Give back exactly the lines from the one that holds "Not bad. Impressed" through the final line of the data; omit the pictures and add nothing.

*** Opening Raw data ***

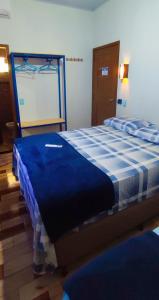 a bedroom with a blue and white bed in a room at HospedaAurora Casa 3 quartos in Manhã +10 photos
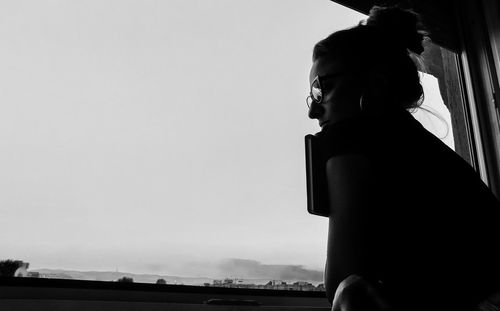 Side view of woman standing against sky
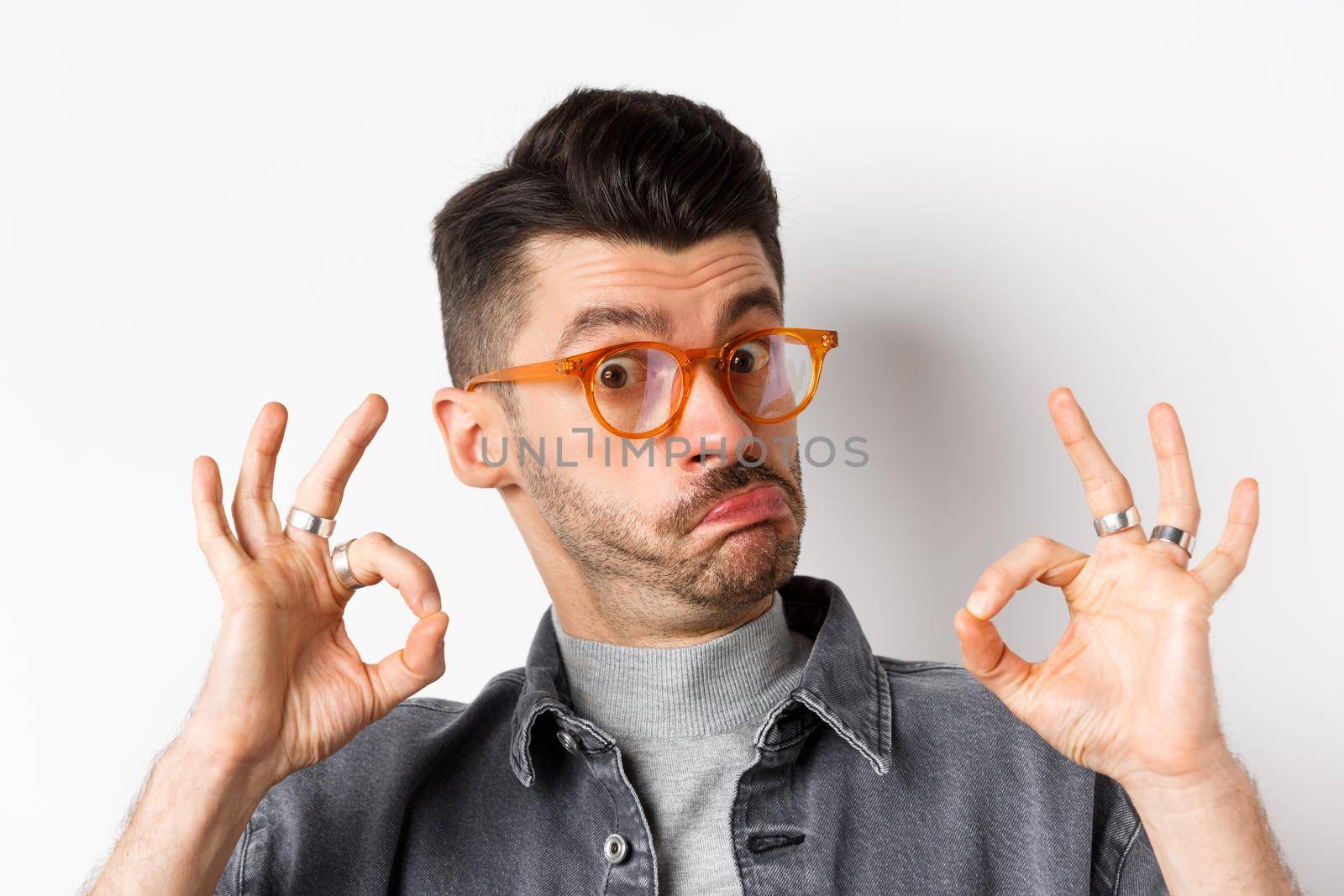 Not bad. Impressed man in stylish glasses showing okay signs and nod in approval, prase good thing, making compliment, standing on white background.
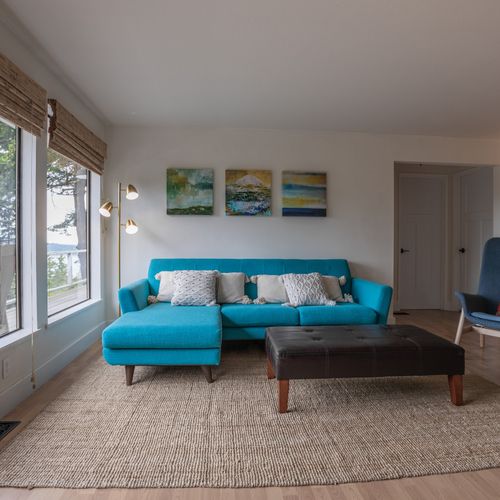 Large windows overlooking the water and trees.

*** Closing Raw data ***

Result of this exercise:
 Not bad. Impressed man in stylish glasses showing okay signs and nod in approval, prase good thing, making compliment, standing on white background.
 Large windows overlooking the water and trees.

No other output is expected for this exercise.